If you have followed all the steps for MMF then you will be taking it out of the fridge now and putting itnto the microwave for about 30 seconds to one minute to soften it up. Knead it for about 10 minutes to get it as smooth as possible on a powdered sugar matt or board (I use a silicon matt). When it seems smooth like soft pizza dough then you can roll it out, and yes, use a rolling pin, and remember to roll it out to a circle/square big enough to cover the size of the cake..say it's an 8 inch you need 8 inches plus 4 inches for each side...sowhat you really need is a square that's 8+4+4 or 16 inches square to cover your cake. Roll it to about the thickness of a nickle. As you roll you need to watch the powedered sugar under the fondant. How to do this easily is to roll, turn your fondant (checking under to see if you need more PS) then roll, turn a quarter turn and check the PS under again...till you reach your final size. When you do lightly sprnkle the top of your fondant with PS and then, just lieka pie crust, fold it in half and carry to your cake...lay the fold in the center of the cake and then fold out the fondant. Now this next part will be easier if you elevate y our cake onto a 2-4 inch high surface that is msall ther than the cake...I usually use a turned over cake pan that is one size smaller than my cake. You can usually trim your extra fondant away at this point. As you smooth your fondant down the sides of your cake it will start to ruffle a bit, simply pull the ruffle away from the cake gently , smooth it down from above and move over to the next inch and smooth again. Once you have it all smoothed down you can use a fondant smoother to make sure your sides and top are smooth.

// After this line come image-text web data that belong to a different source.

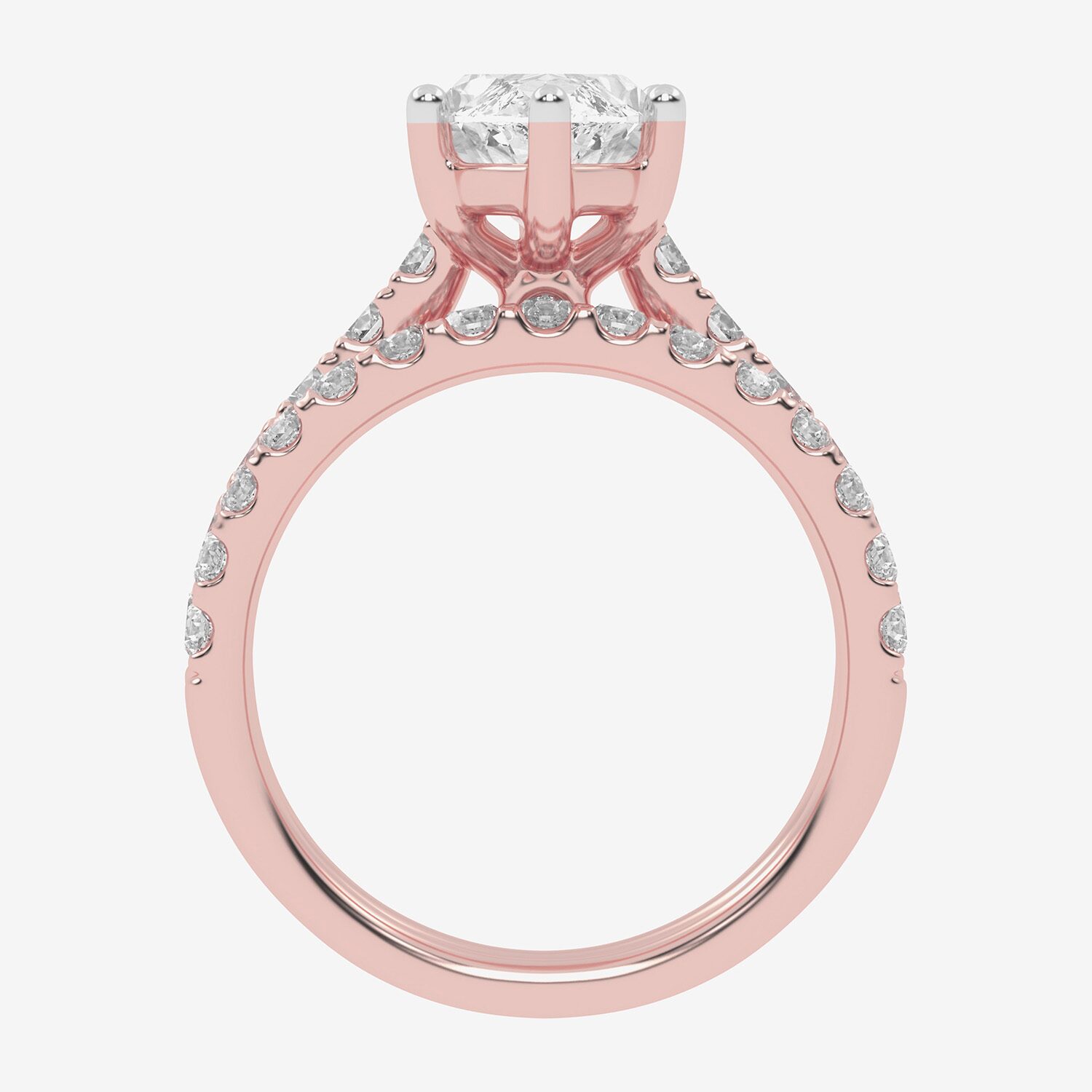 Signature By Modern Bride (G-H / Vs2-Si1) Womens 4 CT. T.W. Lab Grown White Diamond 14K Gold Marquise Side Stone Bridal Set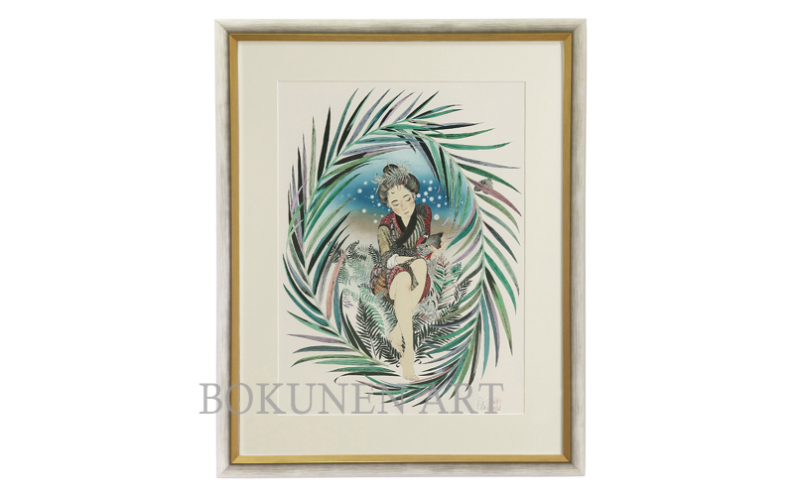 【名嘉睦稔】リトグラフ作品「山原（やんばる）」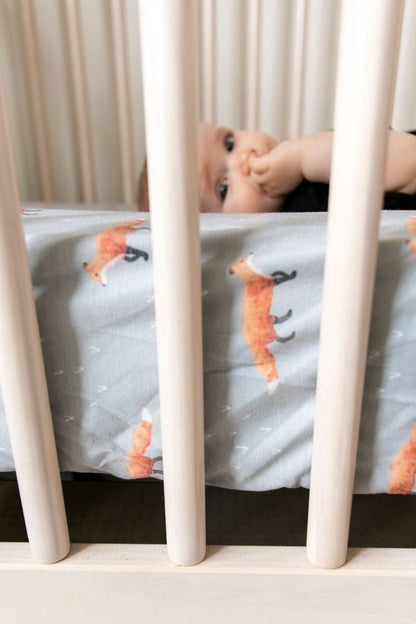 Copper Pearl Premium Fitted Crib Sheet - Swift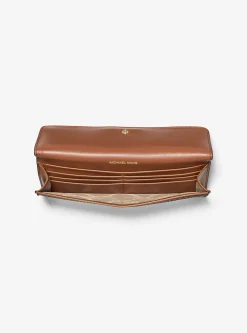 Jet Set Large Signature Logo Snap-Front Wallet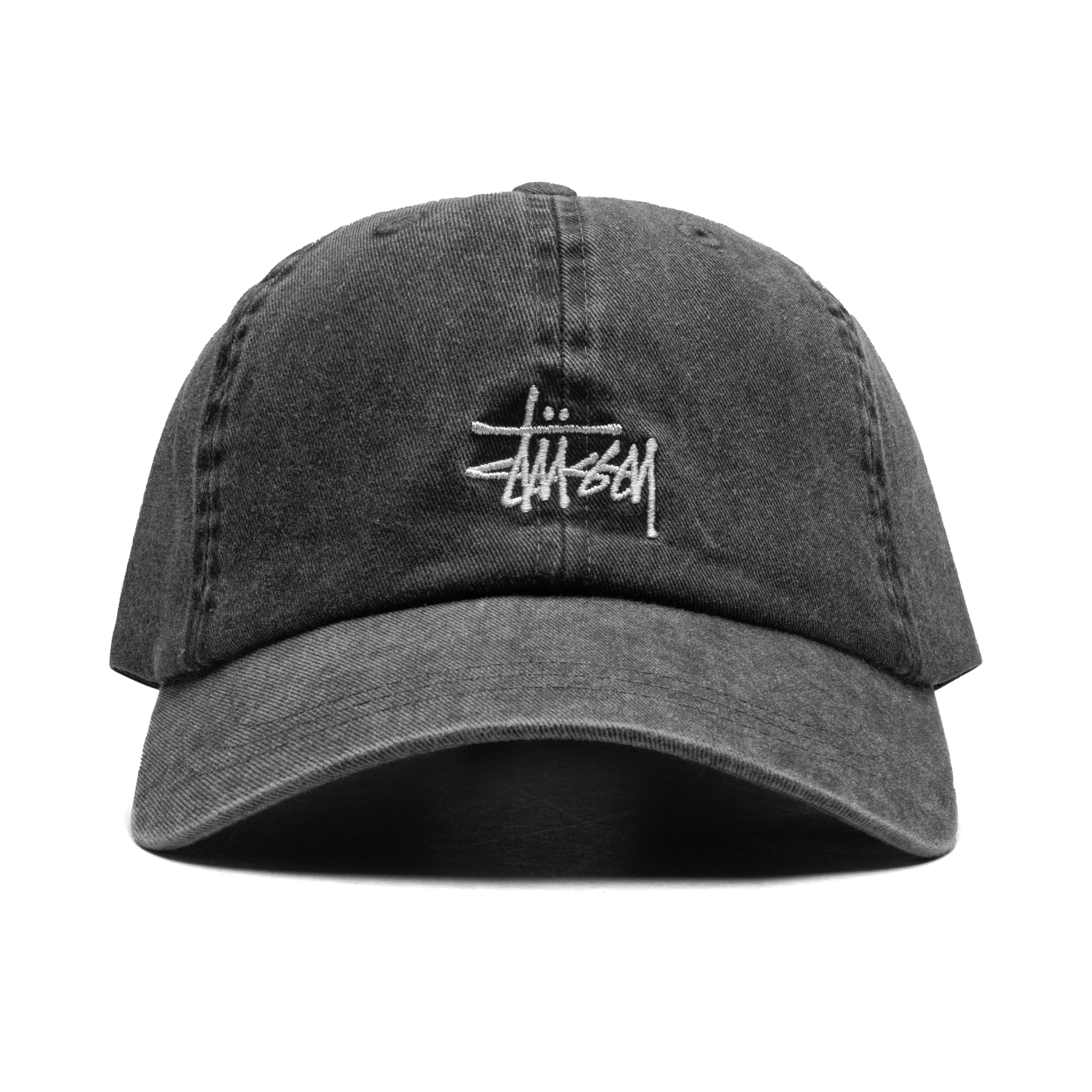 Basic Washed Low Pro Cap Charcoal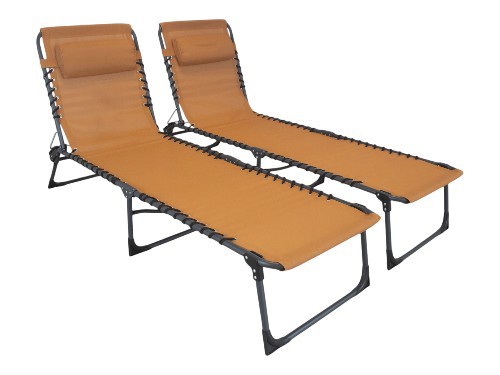 Set por 2 Reposeras de Acero Nápoles terracota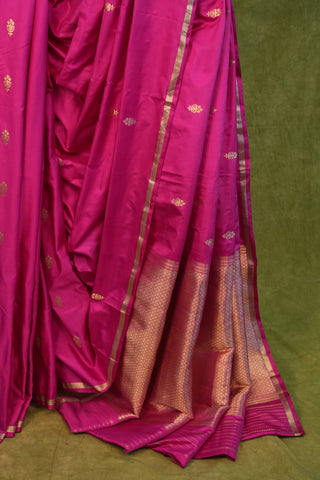 Magenta Banarasi Silk Saree-SRMBSS151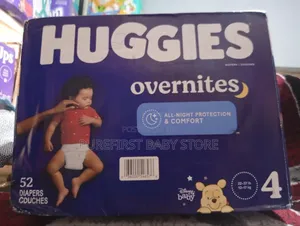 Huggies Overnight Size 4-52 Counts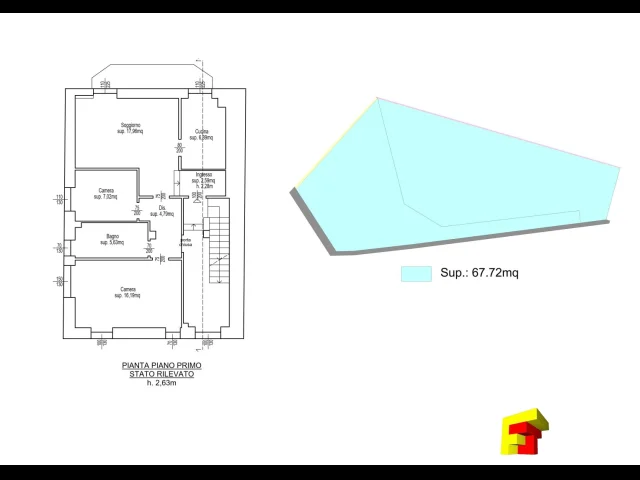 Appartamenti in Vendita - Trilocale piano primo con giardino ad uso esclusivo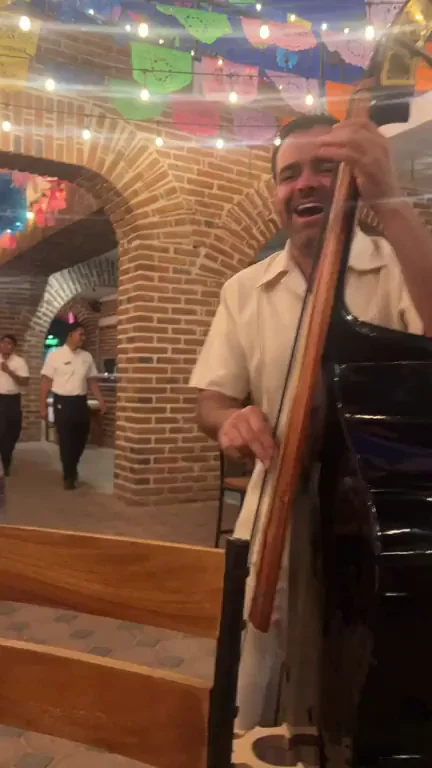 The mood is so high in this video, the musicians were not expecting this hot of a tip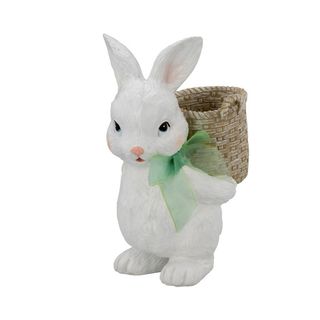 Iepuras din portelan cu cosulet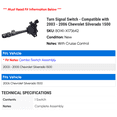 thumbnail image 2 of Turn Signal Switch - Compatible with 2003 - 2006 Chevy Silverado 1500 2004 2005, 2 of 2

As always there are tons of videos on YouTube that will show you how to do all of this. I highly recommend the buttercream recipe here for IndyDebi's buttercream.

If there is anything else I can help with just ask!


Sweet_Guys Cake Central Cake Decorator Profile
Sweet_Guys Posted 17 Jul 2010 , 3:12pm
post #3 of 4

We use Fondarific Fondant. They're flavored and very forgiving. If you get a crack or mess up, it heals really well.


tigerhawk83 Cake Central Cake Decorator Profile
tigerhawk83 Posted 17 Jul 2010 , 10:42pm
post #4 of 4

I LOVE Fondarific but really can't splurge on it too often icon_cry.gif I don't sell cakes so can't recoup the cost and can't get it locally. It is soooo smooth, soft and tasty. Have gotten some of the new Duff fondant from Michaels (which is made by Fondarific) but that's expensive too altho Michaels often has 40% or 50% off coupons which really helps.
For my regular cake work - I've been making Michele Foster Fondant (MFF) - the recipe is on this site. I like it better than marshmallow fondant and it isn't much tougher to make - but you do need to make it at least a day ahead. It's too sticky fresh out of the bowl and really does need to sit overnight. I also like this because you can flavor it the way you want - I use the same flavor mix I use in my buttercream so it tastes good too.